La implementación de C ++ solo es necesaria para que un progtwig funcione si obedeces las reglas. Usted violó las reglas. La implementación de C ++ probablemente se comportó de esta manera:

  • Debido a que x se declara const , la implementación C ++ sabe que su valor no puede cambiar siempre y cuando obedezca las reglas. Entonces, donde sea que se use x , la implementación de C ++ usa 10 sin molestarse en verificar si x ha cambiado.
  • Porque *ptr apunta a un int no-const, lo almacena y lee de él en realidad se realiza. Estos “funcionan” porque la memoria a la que apunta (donde se representa x ) en realidad no está marcada como de solo lectura por el sistema operativo. Por lo tanto, puede realizar modificaciones a pesar del hecho de que se supone que no debe hacerlo.

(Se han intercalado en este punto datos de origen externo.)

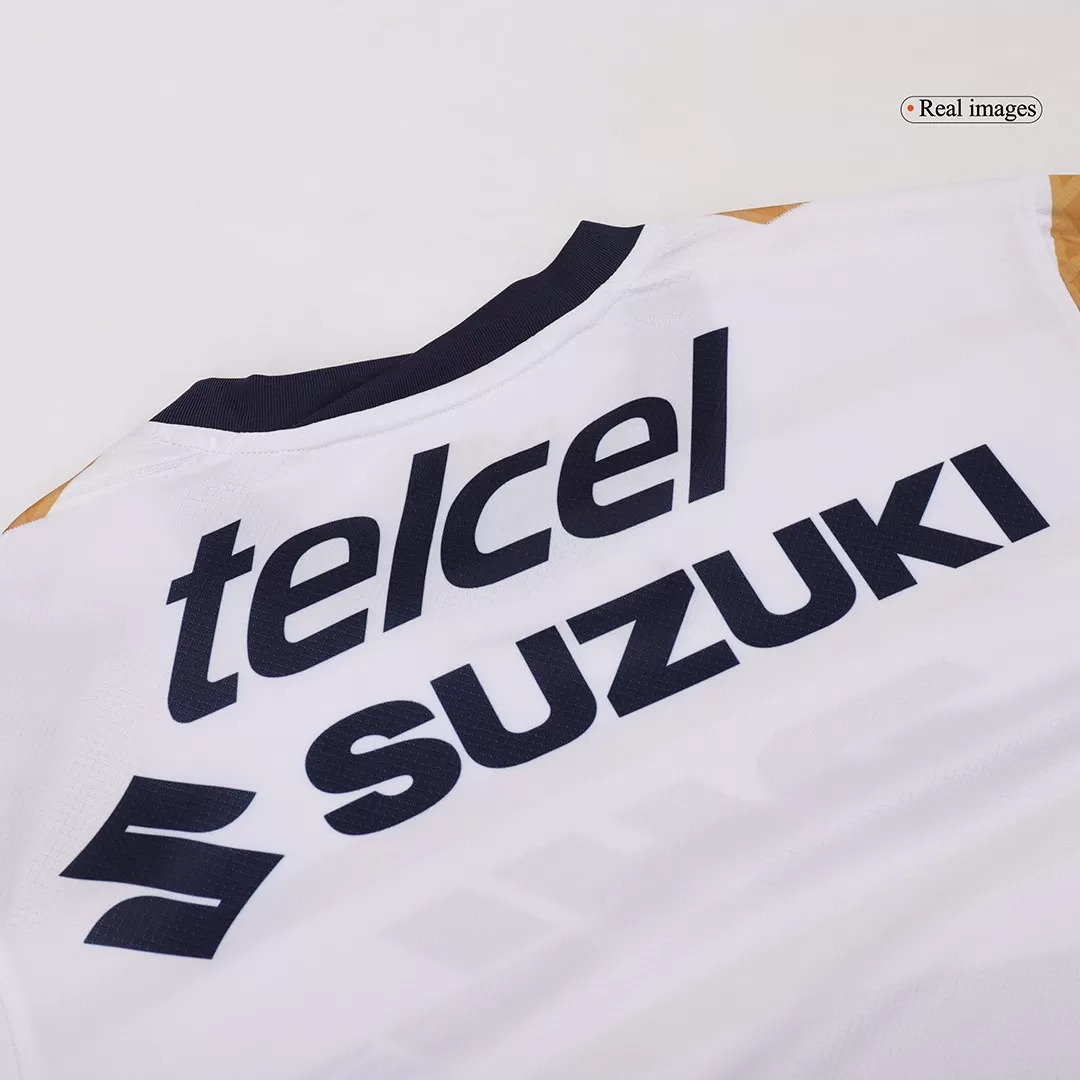 Pumas UNAM Soccer Jersey Home Custom Shirt 2024/25 - ujerseystore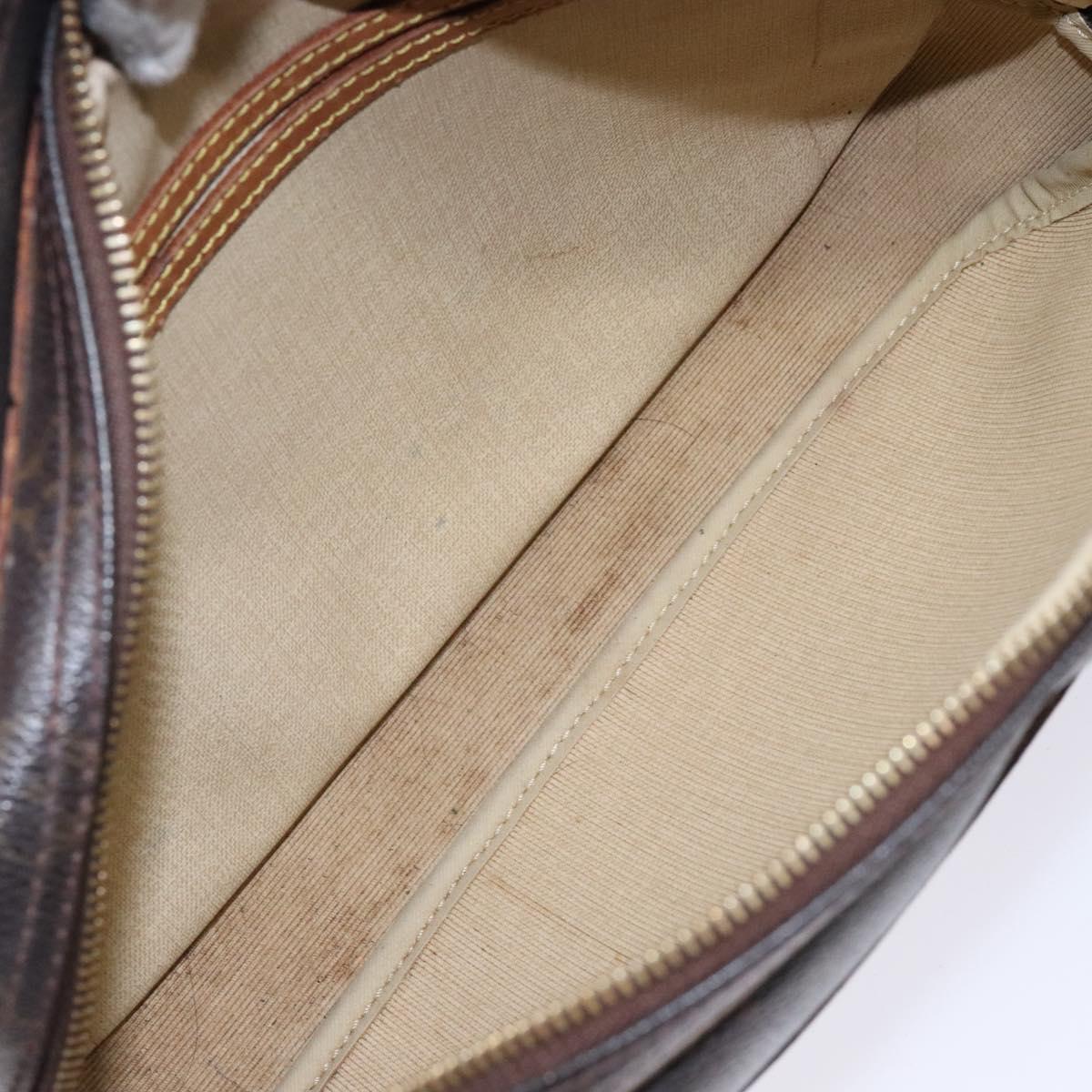 LOUIS VUITTON Monogram Reporter PM Shoulder Bag M45254 LV Auth 140286
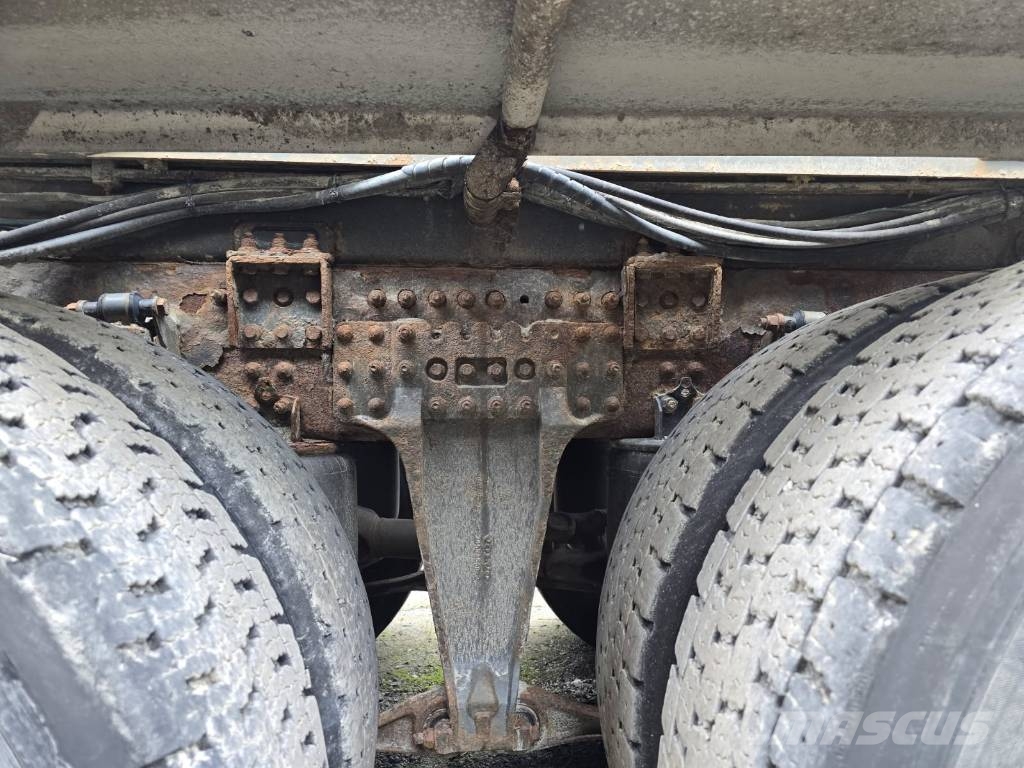 Volvo FH 16 580 Joab 24 t 8x4 Камиони с кран с кука
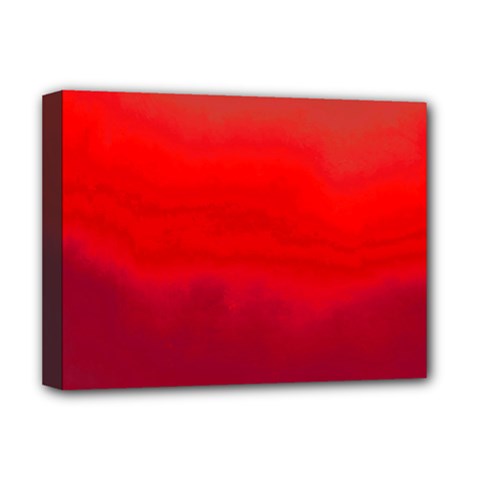 Ombre Deluxe Canvas 16  X 12   by ValentinaDesign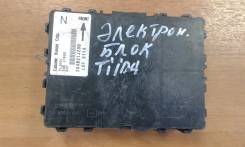 Блок управления двс. Nissan Tiida, C11, C11X Двигатель HR15DE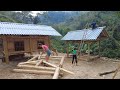 Full Video: Building a Wooden Kitchen, Building A New Life - Green Forest Life, Free Bushcraft, Farm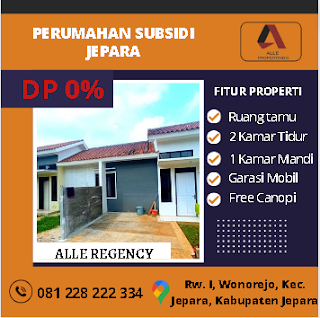 Rumah Subsidi Jepara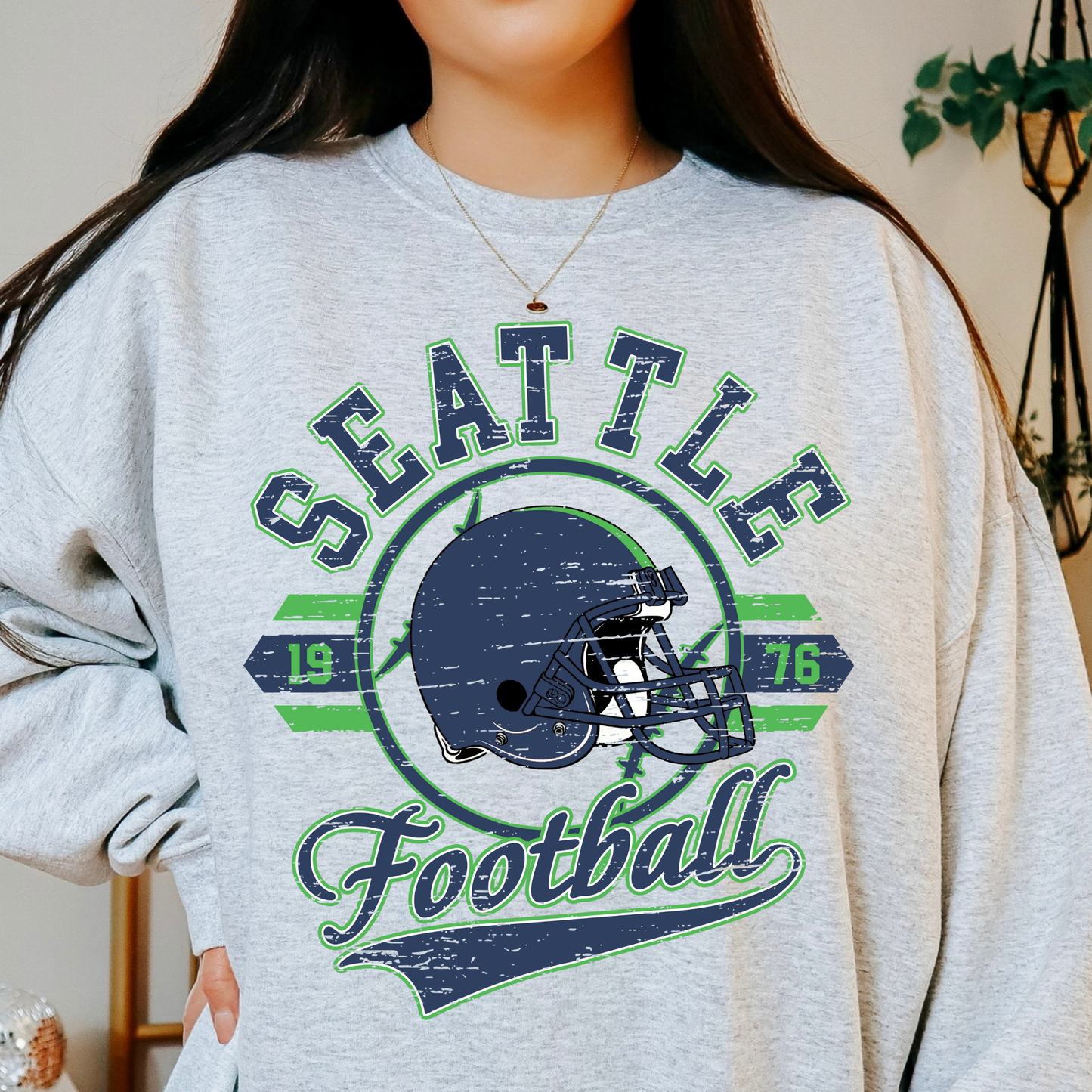 Seattle Football Full Color DTF Transfer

Observe que el funcionamiento de la implementación C ++ funcionaría si obedecía las reglas . Si no ha modificado x , entonces usar 10 para x donde sea que aparezca habría funcionado normalmente. O bien, si no hubiera declarado que x es const , entonces la implementación de C ++ no habría supuesto que siempre sería 10, por lo que obtendría el valor modificado cada vez que se acceda a x . Esto es todo lo que el estándar de C ++ requiere de una implementación: que funcione si usted sigue las reglas.

Cuando no se siguen las reglas, una implementación de C ++ puede romperse en formas aparentemente inconsistentes.

Estás modificando un objeto declarado const . Este es un comportamiento indefinido; el progtwig no está obligado a hacer nada sensato. Podría parecer que funciona bien, o dar respuestas sutilmente incorrectas, segfault o ejecutar código arbitrario proporcionado por un atacante. La hipérbole habitual es que el progtwig puede hacer volar demonios por la nariz.